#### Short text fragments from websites
BEGIN
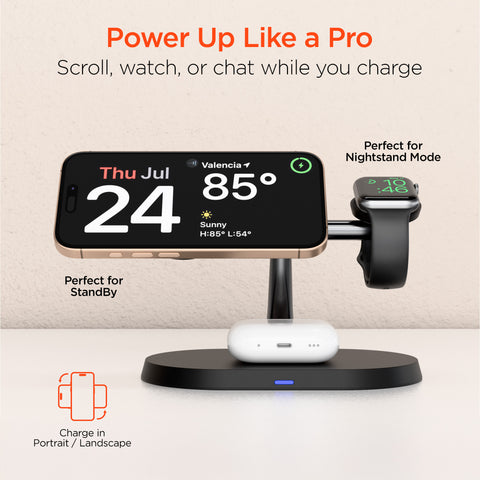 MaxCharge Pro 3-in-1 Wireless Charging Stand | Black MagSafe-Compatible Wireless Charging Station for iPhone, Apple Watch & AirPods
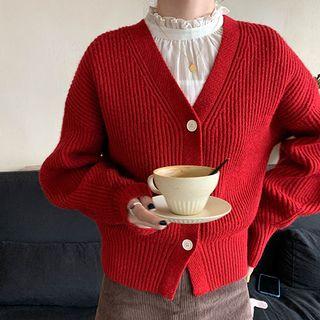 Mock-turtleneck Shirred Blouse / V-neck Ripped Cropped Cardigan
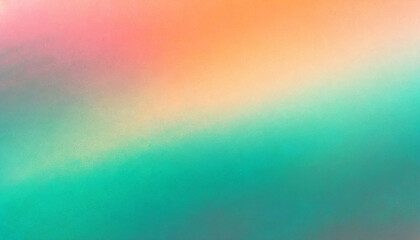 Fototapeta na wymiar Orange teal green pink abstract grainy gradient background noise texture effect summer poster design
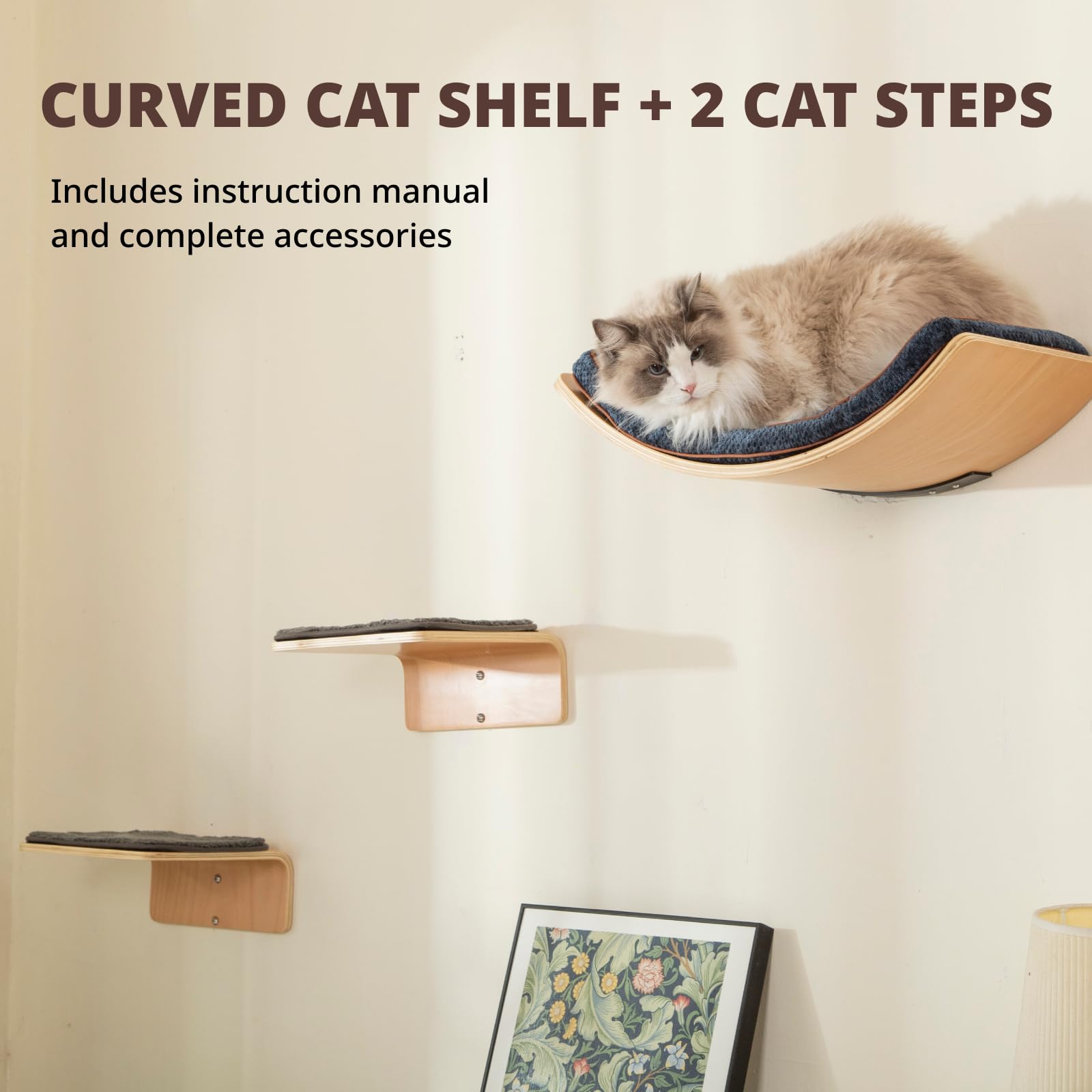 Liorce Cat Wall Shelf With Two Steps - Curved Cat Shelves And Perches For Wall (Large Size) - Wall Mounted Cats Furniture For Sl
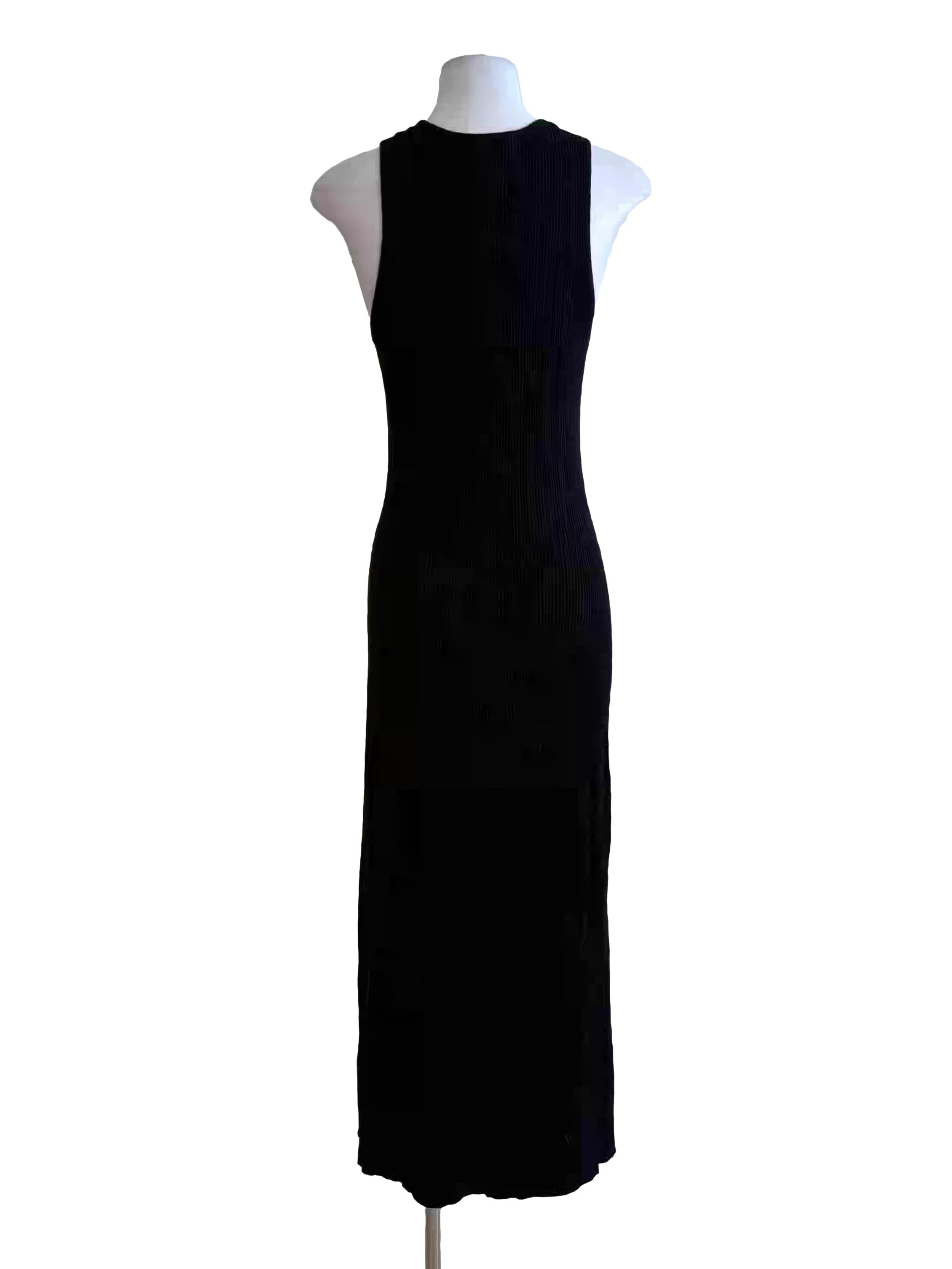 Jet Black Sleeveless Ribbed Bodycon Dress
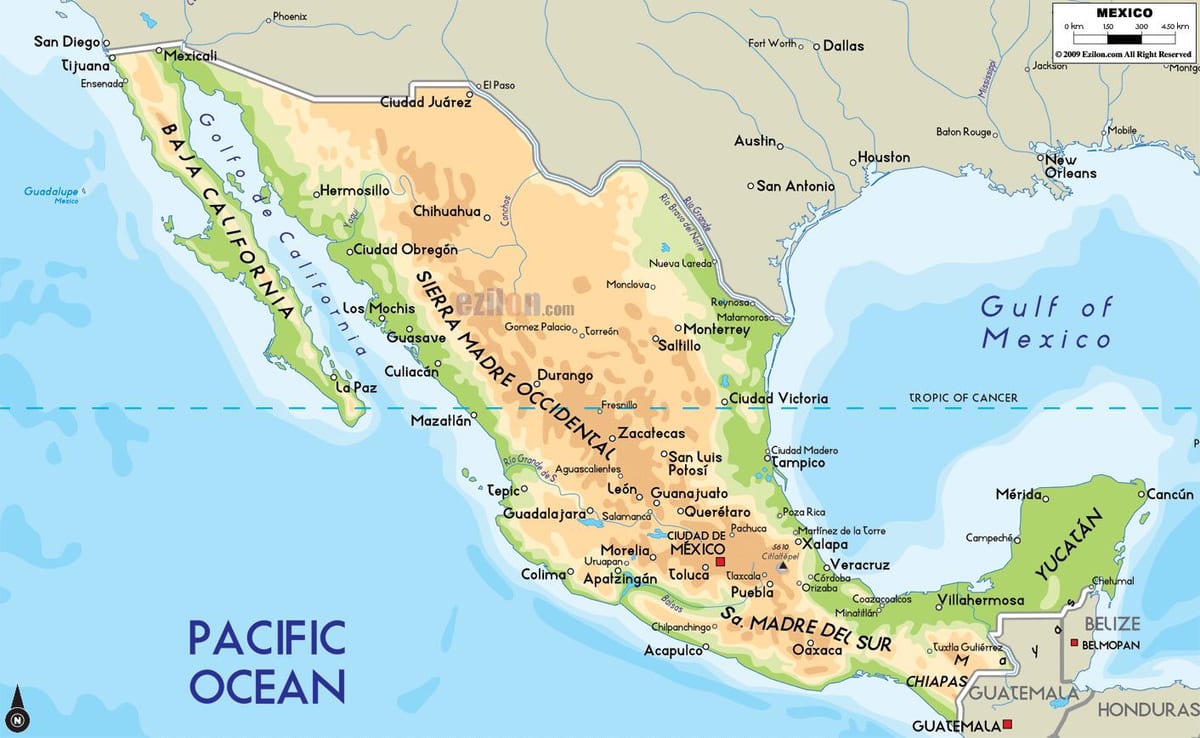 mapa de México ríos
END
BEGIN
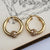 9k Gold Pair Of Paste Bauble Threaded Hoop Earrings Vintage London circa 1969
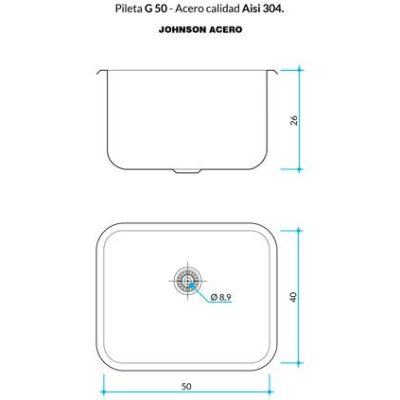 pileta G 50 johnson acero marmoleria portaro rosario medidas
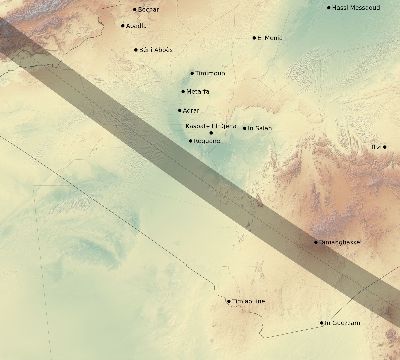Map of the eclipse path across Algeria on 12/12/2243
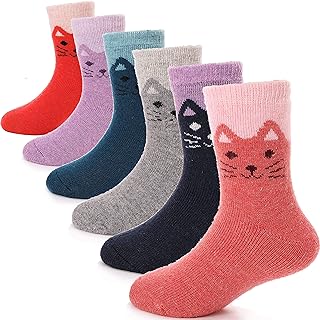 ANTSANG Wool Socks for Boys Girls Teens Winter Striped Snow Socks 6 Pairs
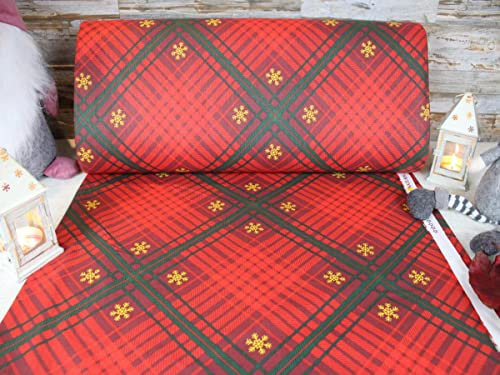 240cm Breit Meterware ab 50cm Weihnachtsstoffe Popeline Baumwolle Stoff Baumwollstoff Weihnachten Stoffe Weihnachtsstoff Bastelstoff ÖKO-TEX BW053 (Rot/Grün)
END
#### Aim of the task
Transcribe, word for word, the stretch of lines in the data above from the one with "Mock-turtleneck Shirred Blouse" through the one with "mapa de México ríos"; omit all pictures.

#### Task response
 Mock-turtleneck Shirred Blouse / V-neck Ripped Cropped Cardigan
 Fototapeta na wymiar Orange teal green pink abstract grainy gradient background noise texture effect summer poster design
 Liorce Cat Wall Shelf With Two Steps - Curved Cat Shelves And Perches For Wall (Large Size) - Wall Mounted Cats Furniture For Sl
 Jet Black Sleeveless Ribbed Bodycon Dress
 mapa de México ríos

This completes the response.